##### The input #####
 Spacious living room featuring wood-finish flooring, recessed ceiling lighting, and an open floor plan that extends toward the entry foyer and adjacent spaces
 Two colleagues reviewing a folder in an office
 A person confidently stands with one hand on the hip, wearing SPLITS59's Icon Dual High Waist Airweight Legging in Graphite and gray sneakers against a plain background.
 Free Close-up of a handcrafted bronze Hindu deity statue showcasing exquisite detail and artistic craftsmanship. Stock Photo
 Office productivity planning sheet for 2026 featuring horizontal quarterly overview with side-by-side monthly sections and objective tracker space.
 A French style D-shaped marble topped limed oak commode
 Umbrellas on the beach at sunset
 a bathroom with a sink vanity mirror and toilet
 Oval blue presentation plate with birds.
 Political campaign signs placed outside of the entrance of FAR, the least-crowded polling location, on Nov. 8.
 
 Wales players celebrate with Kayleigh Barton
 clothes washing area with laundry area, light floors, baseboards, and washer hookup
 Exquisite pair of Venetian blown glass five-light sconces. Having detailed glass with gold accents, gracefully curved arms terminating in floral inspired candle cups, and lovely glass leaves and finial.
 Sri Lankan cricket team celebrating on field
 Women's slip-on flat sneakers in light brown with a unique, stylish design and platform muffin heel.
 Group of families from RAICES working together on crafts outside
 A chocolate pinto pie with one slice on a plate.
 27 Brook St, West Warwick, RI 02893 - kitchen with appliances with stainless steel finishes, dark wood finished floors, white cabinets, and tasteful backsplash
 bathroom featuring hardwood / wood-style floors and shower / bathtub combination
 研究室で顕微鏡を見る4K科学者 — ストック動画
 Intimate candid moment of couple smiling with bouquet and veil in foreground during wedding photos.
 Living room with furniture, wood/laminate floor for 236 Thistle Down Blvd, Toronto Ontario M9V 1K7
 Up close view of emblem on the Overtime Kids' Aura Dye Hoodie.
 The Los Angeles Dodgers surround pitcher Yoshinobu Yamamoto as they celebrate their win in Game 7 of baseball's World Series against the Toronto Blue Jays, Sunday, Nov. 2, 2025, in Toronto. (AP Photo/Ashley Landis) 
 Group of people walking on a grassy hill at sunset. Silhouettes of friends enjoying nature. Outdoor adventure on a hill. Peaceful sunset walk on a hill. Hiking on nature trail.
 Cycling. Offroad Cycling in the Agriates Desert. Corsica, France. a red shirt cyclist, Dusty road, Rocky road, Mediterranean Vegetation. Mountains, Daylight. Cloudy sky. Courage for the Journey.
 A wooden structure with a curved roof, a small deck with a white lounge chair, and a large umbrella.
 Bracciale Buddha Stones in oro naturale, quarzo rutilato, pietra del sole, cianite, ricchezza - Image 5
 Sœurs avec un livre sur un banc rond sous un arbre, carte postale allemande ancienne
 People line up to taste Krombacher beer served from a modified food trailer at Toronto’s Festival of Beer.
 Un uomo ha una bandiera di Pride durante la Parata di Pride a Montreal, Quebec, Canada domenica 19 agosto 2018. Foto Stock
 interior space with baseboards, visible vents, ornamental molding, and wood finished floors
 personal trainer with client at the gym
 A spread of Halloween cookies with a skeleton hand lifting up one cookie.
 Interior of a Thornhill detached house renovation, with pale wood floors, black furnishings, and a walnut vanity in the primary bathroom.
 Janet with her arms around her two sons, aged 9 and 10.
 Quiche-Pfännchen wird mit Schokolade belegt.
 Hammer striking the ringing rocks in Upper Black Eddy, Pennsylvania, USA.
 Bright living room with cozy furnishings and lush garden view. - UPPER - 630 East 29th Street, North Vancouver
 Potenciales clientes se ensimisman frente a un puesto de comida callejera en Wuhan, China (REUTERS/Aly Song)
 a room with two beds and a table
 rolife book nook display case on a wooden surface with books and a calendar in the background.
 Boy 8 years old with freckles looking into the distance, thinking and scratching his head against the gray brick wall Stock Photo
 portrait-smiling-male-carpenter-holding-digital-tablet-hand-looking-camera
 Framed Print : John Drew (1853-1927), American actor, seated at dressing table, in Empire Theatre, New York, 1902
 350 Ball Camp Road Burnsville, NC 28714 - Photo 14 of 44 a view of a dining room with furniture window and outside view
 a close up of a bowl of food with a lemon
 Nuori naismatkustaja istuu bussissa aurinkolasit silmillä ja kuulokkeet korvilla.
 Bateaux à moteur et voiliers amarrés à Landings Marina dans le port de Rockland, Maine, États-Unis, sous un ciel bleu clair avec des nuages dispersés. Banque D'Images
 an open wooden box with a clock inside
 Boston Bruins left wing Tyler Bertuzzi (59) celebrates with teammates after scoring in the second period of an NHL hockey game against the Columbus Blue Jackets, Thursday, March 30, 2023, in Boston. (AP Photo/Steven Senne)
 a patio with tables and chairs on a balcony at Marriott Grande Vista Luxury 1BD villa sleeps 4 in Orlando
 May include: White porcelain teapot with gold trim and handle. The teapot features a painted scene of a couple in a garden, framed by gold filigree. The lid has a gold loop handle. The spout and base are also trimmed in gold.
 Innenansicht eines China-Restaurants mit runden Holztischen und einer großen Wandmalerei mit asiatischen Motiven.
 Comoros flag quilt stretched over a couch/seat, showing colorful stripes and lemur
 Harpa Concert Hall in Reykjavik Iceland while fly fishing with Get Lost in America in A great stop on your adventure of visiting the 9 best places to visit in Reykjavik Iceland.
#####
**Task requirements:** Transcribe the data word for word.

**Answer space:**
 Spacious living room featuring wood-finish flooring, recessed ceiling lighting, and an open floor plan that extends toward the entry foyer and adjacent spaces
 Two colleagues reviewing a folder in an office
 A person confidently stands with one hand on the hip, wearing SPLITS59's Icon Dual High Waist Airweight Legging in Graphite and gray sneakers against a plain background.
 Free Close-up of a handcrafted bronze Hindu deity statue showcasing exquisite detail and artistic craftsmanship. Stock Photo
 Office productivity planning sheet for 2026 featuring horizontal quarterly overview with side-by-side monthly sections and objective tracker space.
 A French style D-shaped marble topped limed oak commode
 Umbrellas on the beach at sunset
 a bathroom with a sink vanity mirror and toilet
 Oval blue presentation plate with birds.
 Political campaign signs placed outside of the entrance of FAR, the least-crowded polling location, on Nov. 8.
 
 Wales players celebrate with Kayleigh Barton
 clothes washing area with laundry area, light floors, baseboards, and washer hookup
 Exquisite pair of Venetian blown glass five-light sconces. Having detailed glass with gold accents, gracefully curved arms terminating in floral inspired candle cups, and lovely glass leaves and finial.
 Sri Lankan cricket team celebrating on field
 Women's slip-on flat sneakers in light brown with a unique, stylish design and platform muffin heel.
 Group of families from RAICES working together on crafts outside
 A chocolate pinto pie with one slice on a plate.
 27 Brook St, West Warwick, RI 02893 - kitchen with appliances with stainless steel finishes, dark wood finished floors, white cabinets, and tasteful backsplash
 bathroom featuring hardwood / wood-style floors and shower / bathtub combination
 研究室で顕微鏡を見る4K科学者 — ストック動画
 Intimate candid moment of couple smiling with bouquet and veil in foreground during wedding photos.
 Living room with furniture, wood/laminate floor for 236 Thistle Down Blvd, Toronto Ontario M9V 1K7
 Up close view of emblem on the Overtime Kids' Aura Dye Hoodie.
 The Los Angeles Dodgers surround pitcher Yoshinobu Yamamoto as they celebrate their win in Game 7 of baseball's World Series against the Toronto Blue Jays, Sunday, Nov. 2, 2025, in Toronto. (AP Photo/Ashley Landis) 
 Group of people walking on a grassy hill at sunset. Silhouettes of friends enjoying nature. Outdoor adventure on a hill. Peaceful sunset walk on a hill. Hiking on nature trail.
 Cycling. Offroad Cycling in the Agriates Desert. Corsica, France. a red shirt cyclist, Dusty road, Rocky road, Mediterranean Vegetation. Mountains, Daylight. Cloudy sky. Courage for the Journey.
 A wooden structure with a curved roof, a small deck with a white lounge chair, and a large umbrella.
 Bracciale Buddha Stones in oro naturale, quarzo rutilato, pietra del sole, cianite, ricchezza - Image 5
 Sœurs avec un livre sur un banc rond sous un arbre, carte postale allemande ancienne
 People line up to taste Krombacher beer served from a modified food trailer at Toronto’s Festival of Beer.
 Un uomo ha una bandiera di Pride durante la Parata di Pride a Montreal, Quebec, Canada domenica 19 agosto 2018. Foto Stock
 interior space with baseboards, visible vents, ornamental molding, and wood finished floors
 personal trainer with client at the gym
 A spread of Halloween cookies with a skeleton hand lifting up one cookie.
 Interior of a Thornhill detached house renovation, with pale wood floors, black furnishings, and a walnut vanity in the primary bathroom.
 Janet with her arms around her two sons, aged 9 and 10.
 Quiche-Pfännchen wird mit Schokolade belegt.
 Hammer striking the ringing rocks in Upper Black Eddy, Pennsylvania, USA.
 Bright living room with cozy furnishings and lush garden view. - UPPER - 630 East 29th Street, North Vancouver
 Potenciales clientes se ensimisman frente a un puesto de comida callejera en Wuhan, China (REUTERS/Aly Song)
 a room with two beds and a table
 rolife book nook display case on a wooden surface with books and a calendar in the background.
 Boy 8 years old with freckles looking into the distance, thinking and scratching his head against the gray brick wall Stock Photo
 portrait-smiling-male-carpenter-holding-digital-tablet-hand-looking-camera
 Framed Print : John Drew (1853-1927), American actor, seated at dressing table, in Empire Theatre, New York, 1902
 350 Ball Camp Road Burnsville, NC 28714 - Photo 14 of 44 a view of a dining room with furniture window and outside view
 a close up of a bowl of food with a lemon
 Nuori naismatkustaja istuu bussissa aurinkolasit silmillä ja kuulokkeet korvilla.
 Bateaux à moteur et voiliers amarrés à Landings Marina dans le port de Rockland, Maine, États-Unis, sous un ciel bleu clair avec des nuages dispersés. Banque D'Images
 an open wooden box with a clock inside
 Boston Bruins left wing Tyler Bertuzzi (59) celebrates with teammates after scoring in the second period of an NHL hockey game against the Columbus Blue Jackets, Thursday, March 30, 2023, in Boston. (AP Photo/Steven Senne)
 a patio with tables and chairs on a balcony at Marriott Grande Vista Luxury 1BD villa sleeps 4 in Orlando
 May include: White porcelain teapot with gold trim and handle. The teapot features a painted scene of a couple in a garden, framed by gold filigree. The lid has a gold loop handle. The spout and base are also trimmed in gold.
 Innenansicht eines China-Restaurants mit runden Holztischen und einer großen Wandmalerei mit asiatischen Motiven.
 Comoros flag quilt stretched over a couch/seat, showing colorful stripes and lemur
 Harpa Concert Hall in Reykjavik Iceland while fly fishing with Get Lost in America in A great stop on your adventure of visiting the 9 best places to visit in Reykjavik Iceland.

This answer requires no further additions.